Why Payday Shouldn't Matter

blogs Sep 22, 2024

Pitbull raps about it, *NSYNC sings about it: Payday is a good day.

And I agree. Seeing the fruits of our labor has been part of the human experience for centuries. What’s changed over the centuries, however, is the predictability of those fruits.

Today, most of us aren’t waiting for a seasonal harvest. We know the exact day we are getting paid and the exact amount.

Why then, do we act so surprised and spend so freely when that paycheck hits? Discretionary spending jumps over 30% in the 2-4 days following payday – across all income levels. Spontaneously treating yourself isn’t inherently a bad thing.

But.

A significant number of us are living paycheck to paycheck, savings rates are at near record lows, and young people are incredibly stressed about money – maybe the payday splurge isn't the best strategy?

Let's talk through a better approach.

By controlling payday spending, we can put our money towards things we’ll appreciate now and in the future, like:

  • Larger savings accounts
  • Full emergency funds
  • Less time under the weight of student loans
  • The list goes on

Payday shouldn’t dictate our spending, our goals should. 

How do we go from splurging to smart spending?

A bit of budgeting and a LOT of automation.

 

How much do we splurge?

According to InMarket’s 2024 Payday Insights Study, spending spikes significantly the days after payday:

  • Restaurants (26%)
  • Electronics (47%)
  • Home Décor (40%)
  • Toys (40%)
  • Bookstores (230%) ← the Goodreads crowd doesn’t play
  • Cruises (55%)

I’d like to think each of these spikes are due to responsible spending from well-planned savings.

I’d likely be wrong.

When we see a larger balance in our accounts, many of us feel richer and spend impulsively. Enter, the familiar cycle of splurging and “not having enough” to save and pay off debt.

Behavioral studies, like Wendy De La Rosa and Stephanie Tully’s 2020 Stanford study, showed this play out. Participants received their paychecks either daily or monthly. Those who were paid daily, spent more. Even if their annualized pay was identical, seeing more money made them feel wealthier and spend more.

“See money, spend money” resides in many of us.

 

Okay we splurge, but is that a bad thing?

Not initially, but eventually, yes.

Life is full of unplanned expenses – both good and bad. Concert tickets, car maintenance, birthday/wedding gifts, doctor’s visit, etc.

If you splurge after payday – you all of a sudden “can’t afford” anything else (even if you technically had the income).

Worse than missing out on fun, what about losing paychecks completely? If you were laid off tomorrow, how long could you go without pay while searching for a new job?

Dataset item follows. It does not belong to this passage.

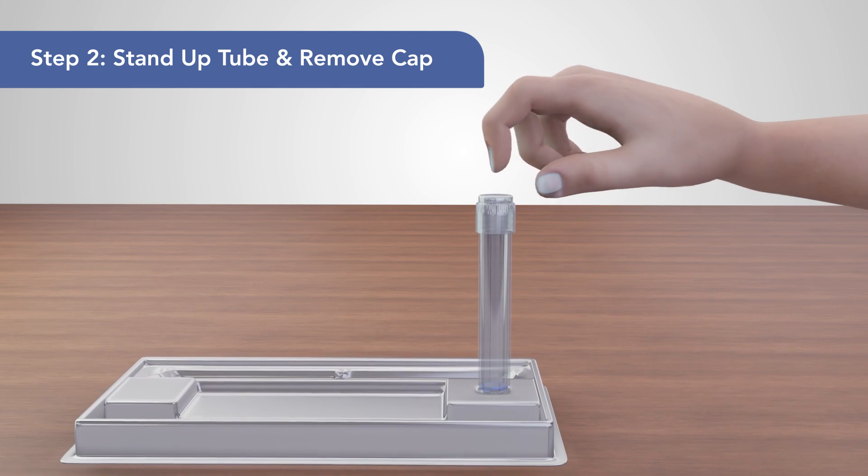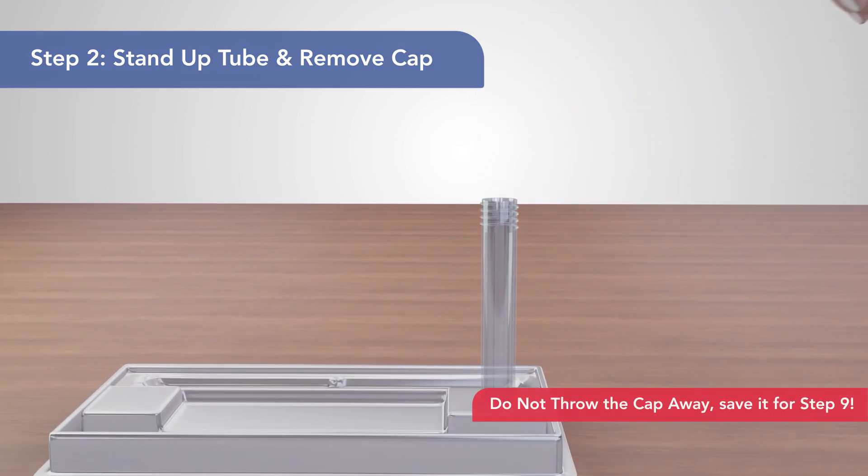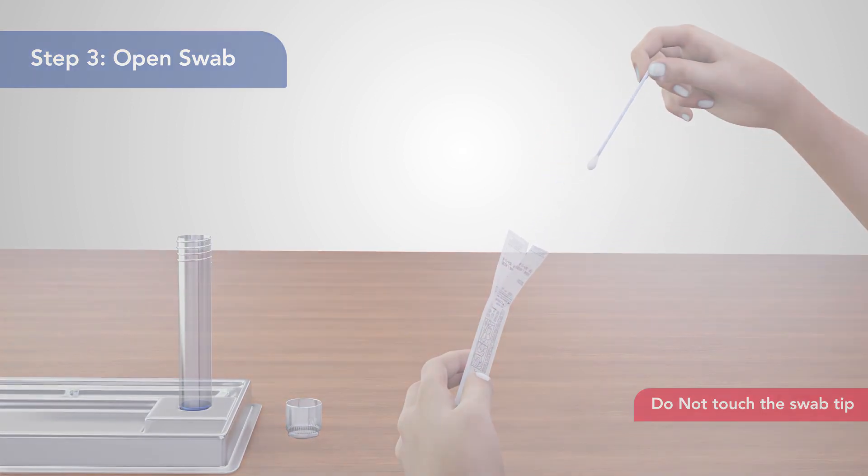2. Place the tube upright in the tube holder included in your test kit tray and remove the cap. 3. Remove the swab from its packaging from its stick end.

The paycheck lifecycle prevents us from taking advantage of life’s fun unplanned expenses and puts us at risk of hard times.

Of course, you always have the fallback option with credit cards. But that slope is slippery: Interest payments quickly eat away at your future income and create a downward spiral that’s hard to escape.

“But Chris, what do we change? Stanford professors proved we are hard wired to "See Money, Spend Money!”

You’re right. And while another read of Atomic Habits may help you control your impulses, until then, let’s let technology do the hard parts for us 😊

 

Automate Automate Automate

The hardest part of personal finance is the willpower to continually choose to make good financial decisions. What if we could automate the hard part away?

Technology gives us the power to save, payoff debt, and pay bills without having to think about it. Are you going to choose each month to move money into an investment or savings account? Are you going to choose to spend less even when you see a huge number in your checking account?

Instead of hoping for the best, let’s automate the hard parts: Saving and paying off debt.

  • Before your paycheck even hits your bank account, your employer can put money in a 401(k) and/or a Health Savings Account (HSA).
  • Once the paycheck hits your bank account, you can automatically
    • Pay rent
    • Pay the full balance of your credit card
    • Pay a portion of your student loans
    • Fund an emergency fund in a high yield savings account
    • Invest a set monthly amount into a brokerage account

Now, without having to lift a finger, you’ve saved for retirement, worked to be debt free, and have money set aside for both emergencies and ad-hoc fun (vacations, gifts, house fund, etc.).

If you splurge on what’s left, it’s a responsible splurge: Payday’s grip may still be there, but you’ve weakened the damage it can do.

This initial automation setup takes time. It will likely take a few hours as you navigate your banks, investment accounts, and credit cards. But don't let it scare you. Reach out to customer service, ask ChatGPT, but do the hard work. The time you spend up front will reward you for the rest of your life. 

 

The Payoff

Above a certain income, payday shouldn't matter. Payday hype affects people of all ages. It leads to overspending and missed savings opportunities. 

The good news is: We can control it. We can automate away from our impulse spending and confidently spend what's left. Getting this right early is crucial for young people. 

Automate your savings and debt payments, reduce your stress, and build a more secure financial future – your future self will thank you.